### Task statement
Nothing but the lines from the one with "Lover Comic Art" through the end of the listing should be reproduced, each exactly and with pictures omitted.
---
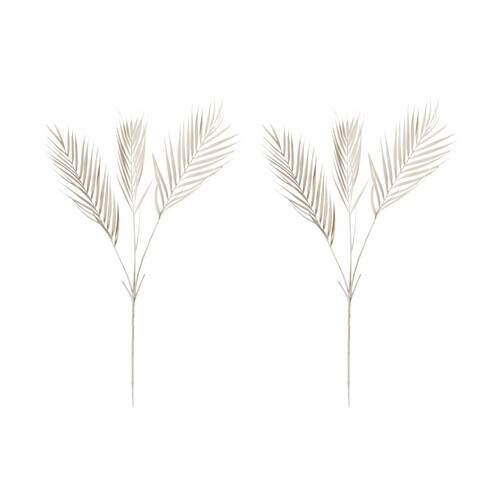 2PK E Style Palm Decor Spray Realistic Artificial Flower Plastic Cream 97cm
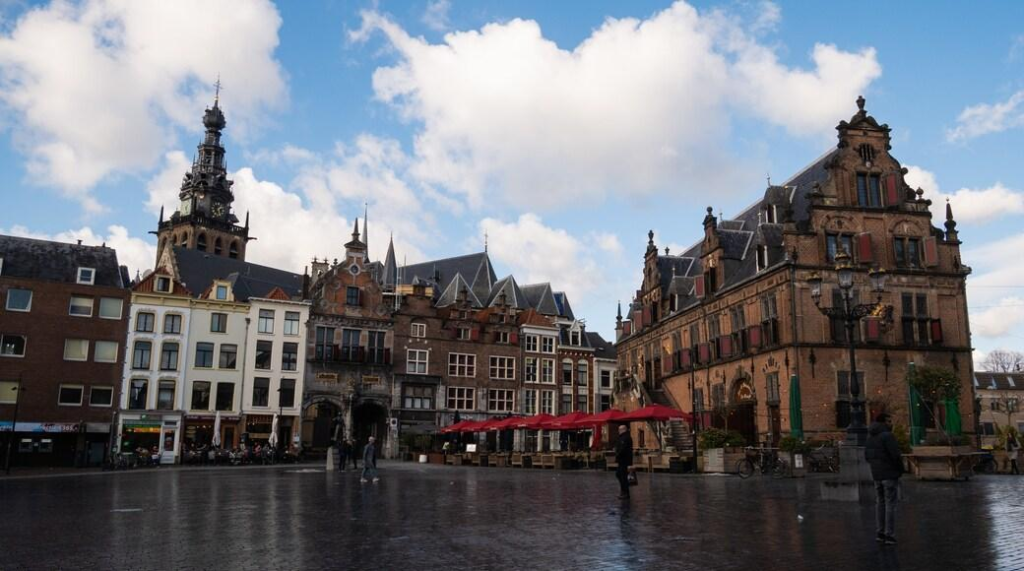 Streets and historic architecture in Nijmegen, Netherlands.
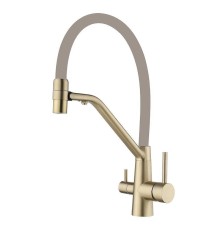 Смеситель для кухни Fmark FS1462-C12 цвет Золото матовое Бежевый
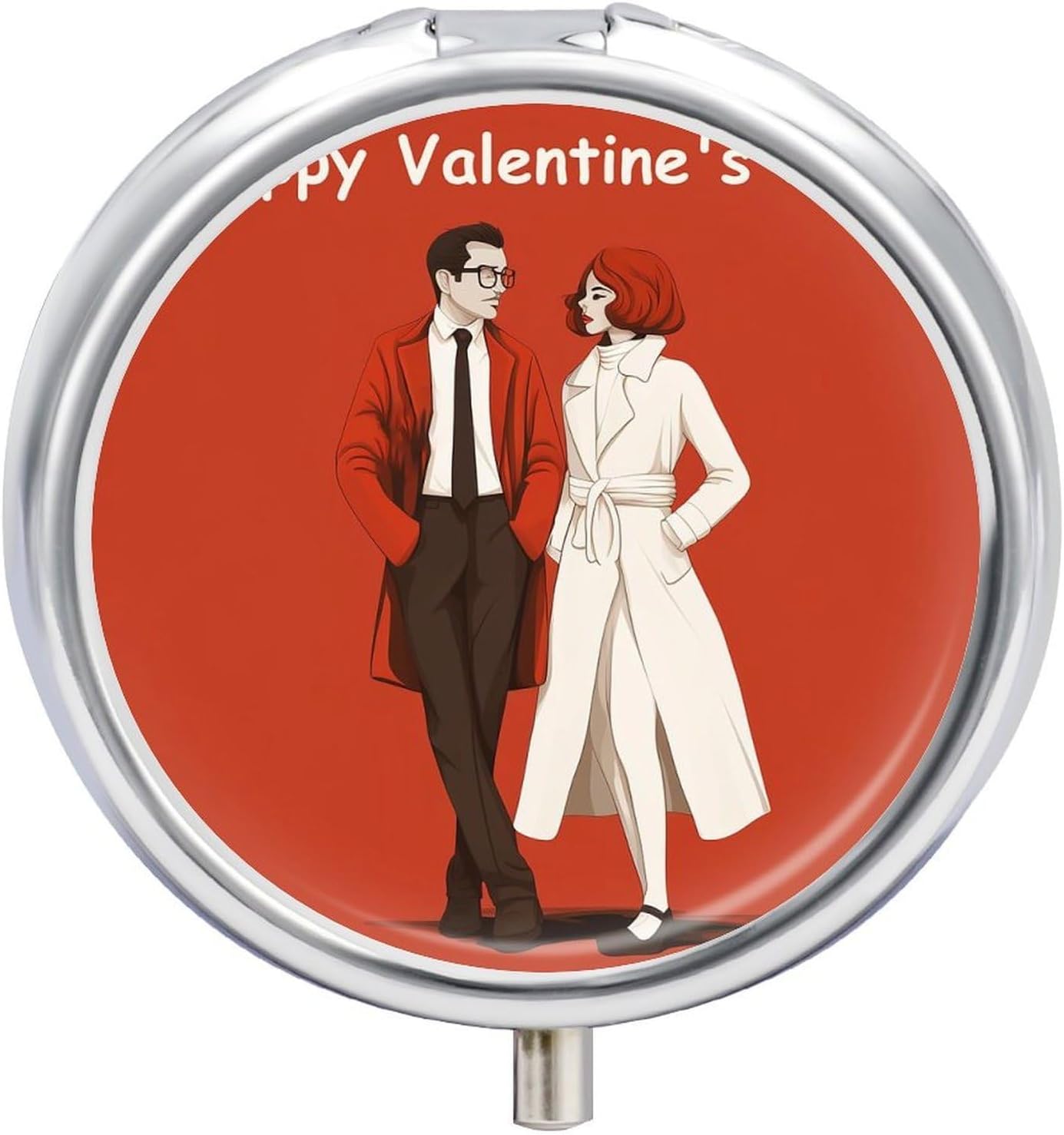 Lover Comic Art Round Pill Box, Waterproof Medicine Organizer Box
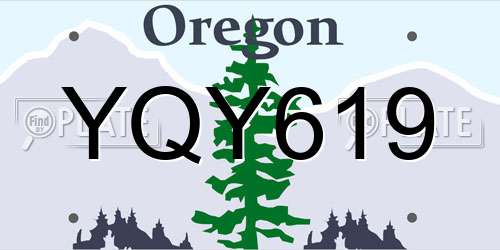 YQY619 Oregon License Plate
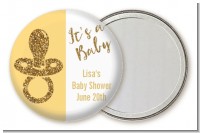 Gold Glitter Baby Pacifier - Personalized Baby Shower Pocket Mirror Favors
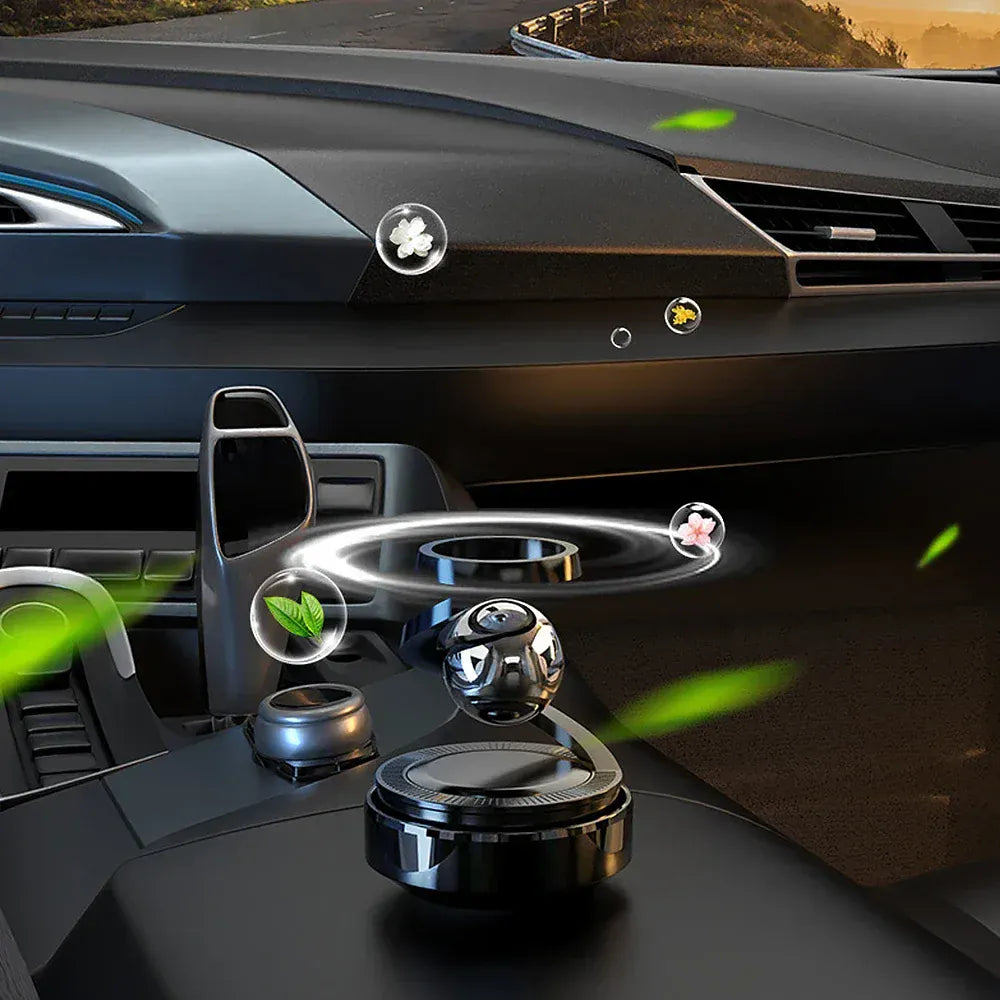 Odświeżacz powietrza do samochodu zasilany energią słoneczną – automatyczny, obrotowy dyfuzor perfum na deskę rozdzielczą o naturalnym zapachu wody kolońskiej | Do BMW, Audi, Benz, VW i Peugeot | Na sprzedaż w Polsce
---
### Reply
 Lover Comic Art Round Pill Box, Waterproof Medicine Organizer Box
 YQY619 Oregon License Plate
 Gold Glitter Baby Pacifier - Personalized Baby Shower Pocket Mirror Favors
 Odświeżacz powietrza do samochodu zasilany energią słoneczną – automatyczny, obrotowy dyfuzor perfum na deskę rozdzielczą o naturalnym zapachu wody kolońskiej | Do BMW, Audi, Benz, VW i Peugeot | Na sprzedaż w Polsce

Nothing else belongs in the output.